■ Activity
Would you please repeat all of the data exactly, omitting the pictures?

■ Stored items

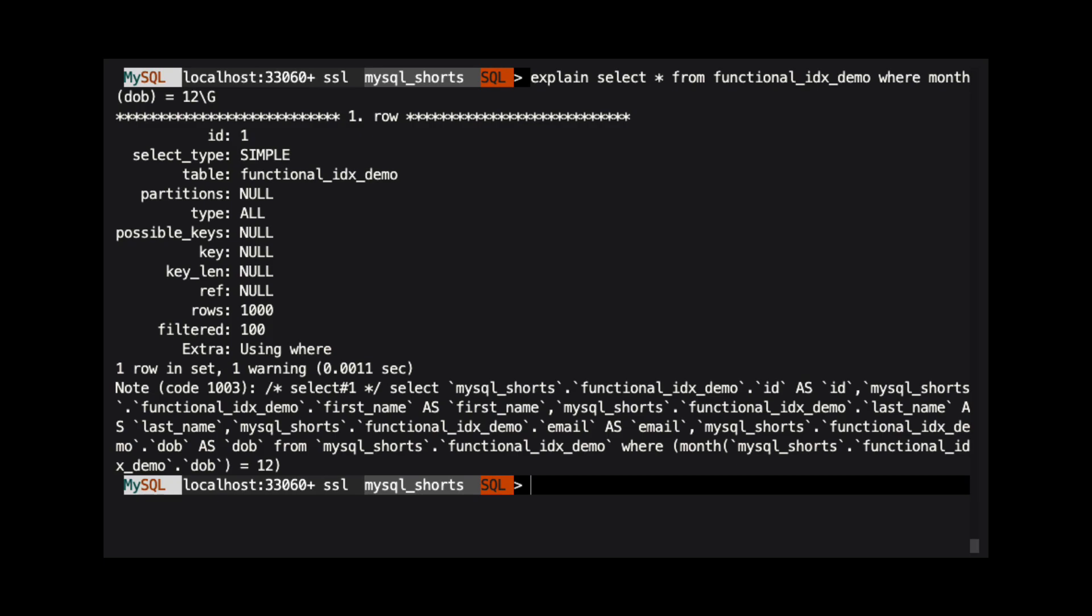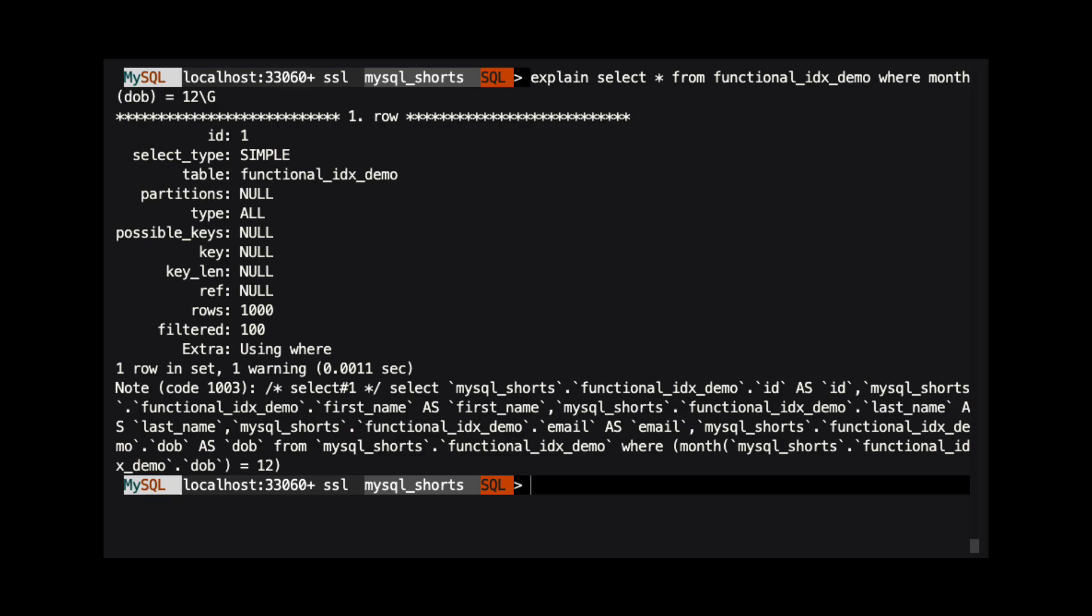Here we see what the explain plan would look like for that query. We can see that there are no possible keys and no key was used. This means that there were no indexes used by this query. As a result, the query does a full table scan. In a table with a lot more rows, this could seriously impact the query's performance.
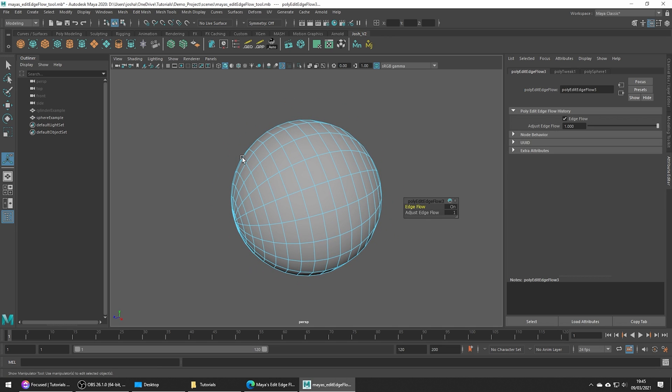I find this tool really useful when I'm adding extra edges to surfaces and don't want to ruin the flow of existing faces. This tool and the Average Vertices tool work great together to achieve nice and smooth final results.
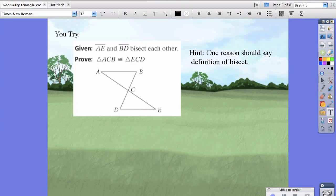Now it's your turn. Work on this problem and post your answers to Edmodo. Hint: one of your reasons should say definition of segment bisector because it bisects the segment. That's it for now — I'll see you guys next time.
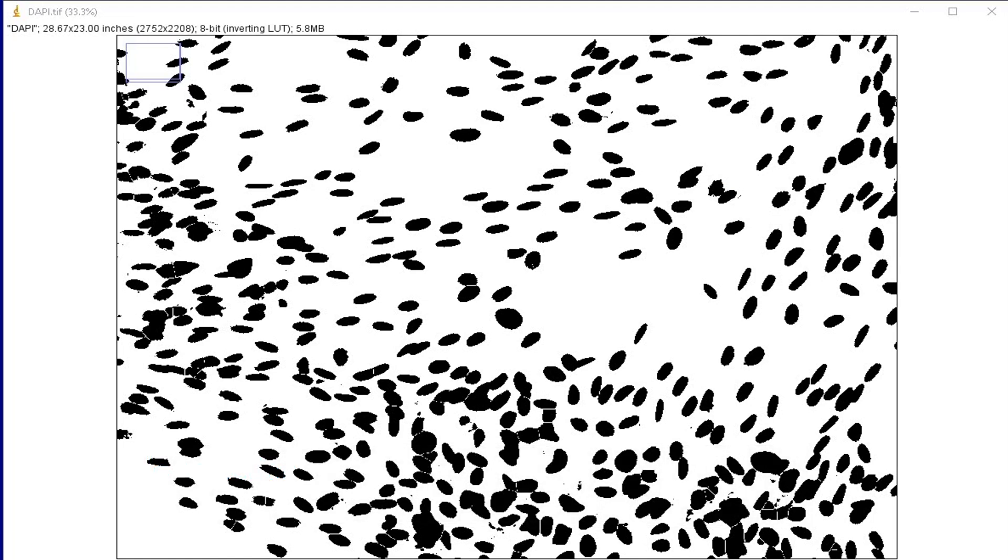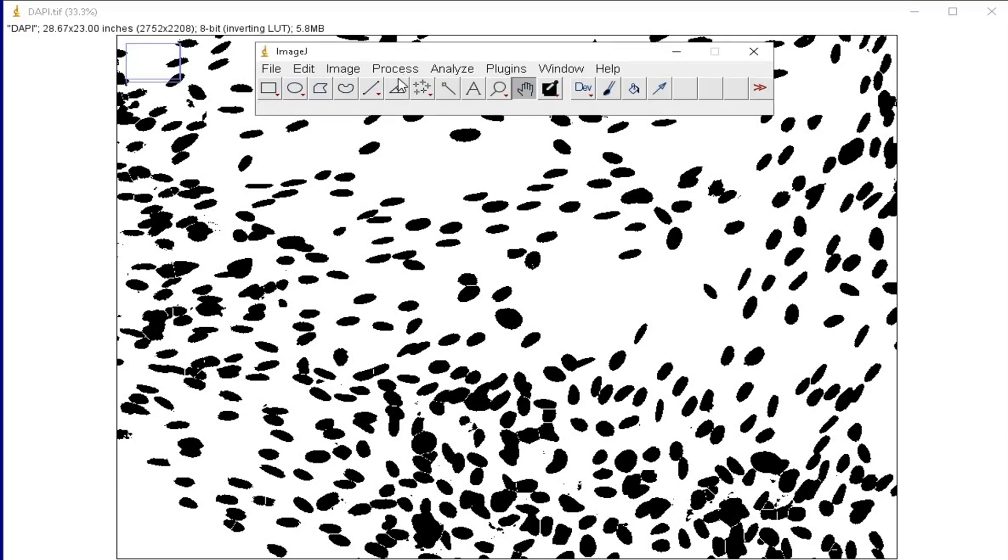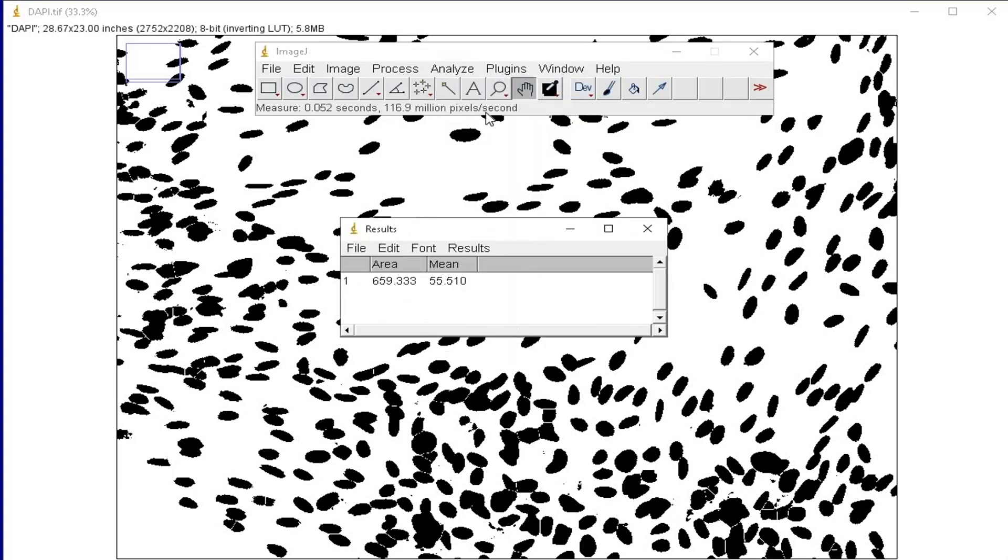Retrieve the watershed image from earlier, and then click Analyze, and Measure.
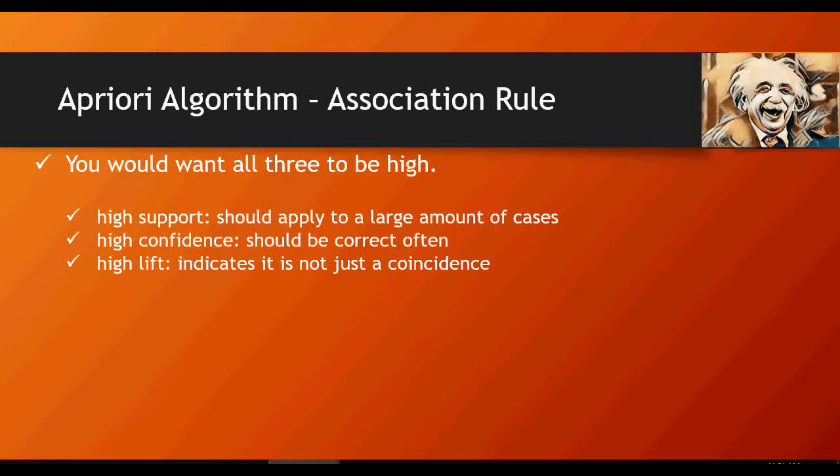Hello and welcome to another video of this machine learning do-it-yourself tutorial. In the last couple of videos we talked about the a priori algorithm and understanding of what it really means. In this video we're going to implement that in R.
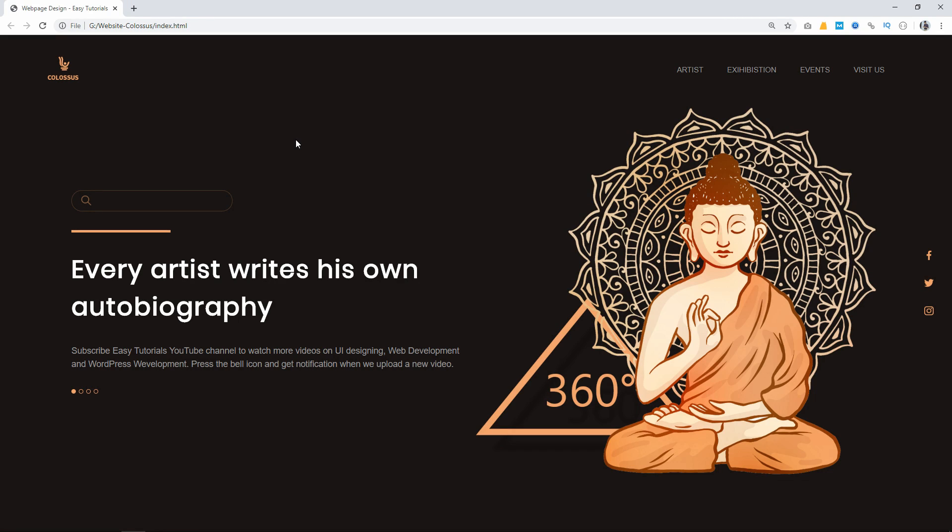Hi guys, welcome back to another video of Easy Tutorials. Today in this video we will see how to create a website using HTML and CSS step by step. As you can see on my computer screen, here is the web page that I will create in this video.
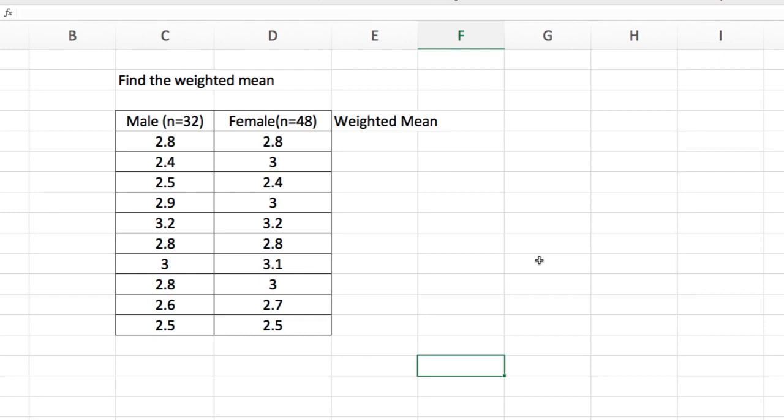Good morning. We have two subscribers from the Philippines who asked us how to compute for the weighted mean of a problem that looks like this.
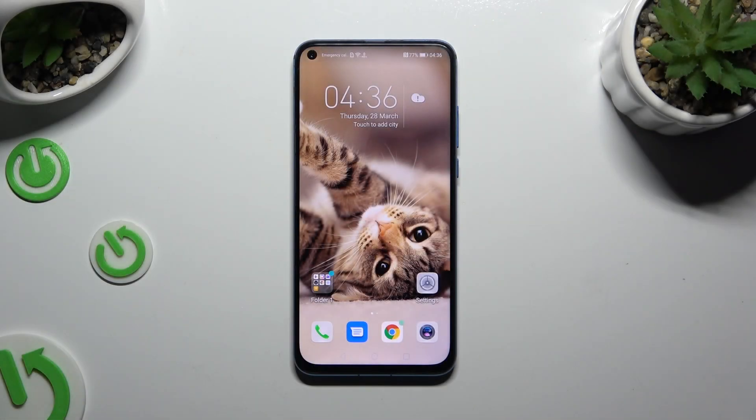In front of me is the Honor View 20, and today I would like to show you how you can change the theme of this device.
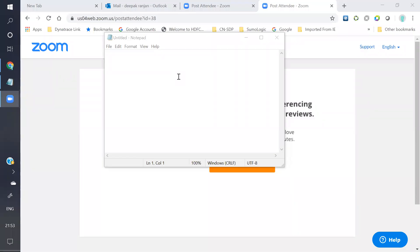Hi everyone. Today I'm trying to show you how to configure custom metadata in the host agent. Suppose we have a certain phone agent on your host and you are not aware of what applications are installed, what services are running. We'll configure environment custom metadata so we'll come to know that information.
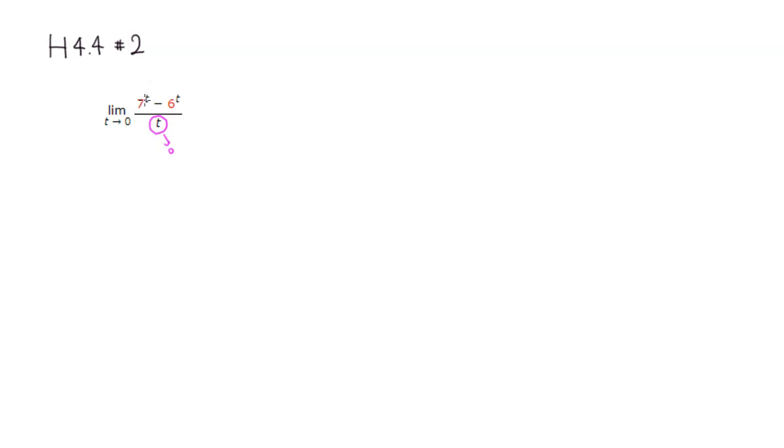Then 7 to the 0th power is 1, minus 6 to the 0 is 1 as well. So you have 1 minus 1. So the numerator approaches 0. So we have a 0 over 0 situation.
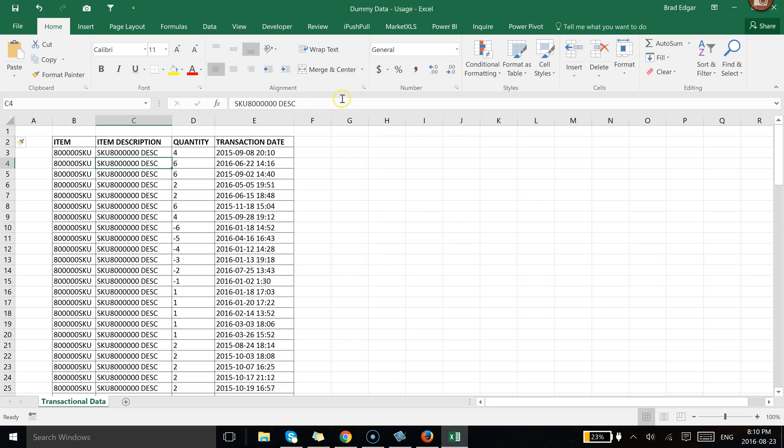Hey guys, in this video I'm going to show you how we can use transactional data and use a pivot table essentially to display that data and the usage on a monthly basis within a specific year.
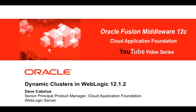Hi, this is Dave Cabelis. Today I'm going to introduce you to Dynamic Clusters, a new feature in WebLogic 12.1.2, and show you how Dynamic Clusters can make it easy to roll out a new cluster and then scale up that cluster.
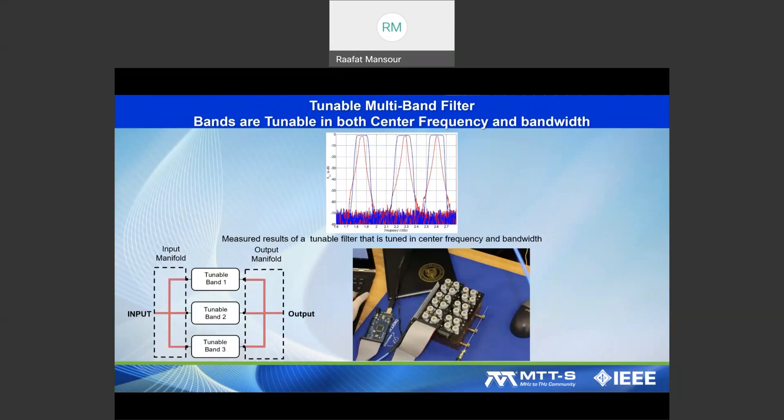We'll show how to realize tunable multi-band filters — with one input and one output, multiple channels, where each channel can be tuned in center frequency and bandwidth. Many of the concepts we discuss regarding tuning elements can also be applied to other components such as phase shifters, tunable matching networks, and other reconfigurable networks. Thank you — this has been an overall outline of the DML talk.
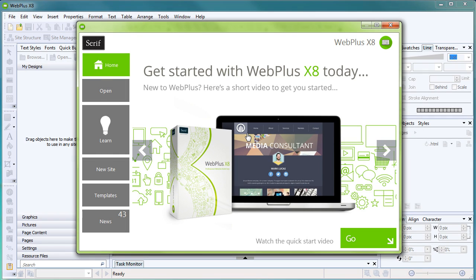Hello, and welcome to WebPlus. In this quick start video, we'll go through some simple steps for designing your site and getting it online.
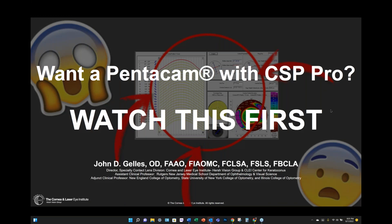Good evening, everybody. Dr. Bill Tullo, Medical Director at Oculus, and welcome to the Oculus Educational Webinar Series. I am really excited tonight to have our guest speaker, Dr. John Gelles. The title of his presentation is, 'You Want a Pentacam with CSP Pro? Watch This First.'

■ Task response
Here we see what the explain plan would look like for that query. We can see that there are no possible keys and no key was used. This means that there were no indexes used by this query. As a result, the query does a full table scan. In a table with a lot more rows, this could seriously impact the query's performance.
I find this tool really useful when I'm adding extra edges to surfaces and don't want to ruin the flow of existing faces. This tool and the Average Vertices tool work great together to achieve nice and smooth final results.
Now it's your turn. Work on this problem and post your answers to Edmodo. Hint: one of your reasons should say definition of segment bisector because it bisects the segment. That's it for now — I'll see you guys next time.
Retrieve the watershed image from earlier, and then click Analyze, and Measure.
Hello and welcome to another video of this machine learning do-it-yourself tutorial. In the last couple of videos we talked about the a priori algorithm and understanding of what it really means. In this video we're going to implement that in R.
Hi guys, welcome back to another video of Easy Tutorials. Today in this video we will see how to create a website using HTML and CSS step by step. As you can see on my computer screen, here is the web page that I will create in this video.
Good morning. We have two subscribers from the Philippines who asked us how to compute for the weighted mean of a problem that looks like this.
In front of me is the Honor View 20, and today I would like to show you how you can change the theme of this device.
Hi everyone. Today I'm trying to show you how to configure custom metadata in the host agent. Suppose we have a certain phone agent on your host and you are not aware of what applications are installed, what services are running. We'll configure environment custom metadata so we'll come to know that information.
Then 7 to the 0th power is 1, minus 6 to the 0 is 1 as well. So you have 1 minus 1. So the numerator approaches 0. So we have a 0 over 0 situation.
Hey guys, in this video I'm going to show you how we can use transactional data and use a pivot table essentially to display that data and the usage on a monthly basis within a specific year.
Hi, this is Dave Cabelis. Today I'm going to introduce you to Dynamic Clusters, a new feature in WebLogic 12.1.2, and show you how Dynamic Clusters can make it easy to roll out a new cluster and then scale up that cluster.
We'll show how to realize tunable multi-band filters — with one input and one output, multiple channels, where each channel can be tuned in center frequency and bandwidth. Many of the concepts we discuss regarding tuning elements can also be applied to other components such as phase shifters, tunable matching networks, and other reconfigurable networks. Thank you — this has been an overall outline of the DML talk.
Hello, and welcome to WebPlus. In this quick start video, we'll go through some simple steps for designing your site and getting it online.
Good evening, everybody. Dr. Bill Tullo, Medical Director at Oculus, and welcome to the Oculus Educational Webinar Series. I am really excited tonight to have our guest speaker, Dr. John Gelles. The title of his presentation is, 'You Want a Pentacam with CSP Pro? Watch This First.'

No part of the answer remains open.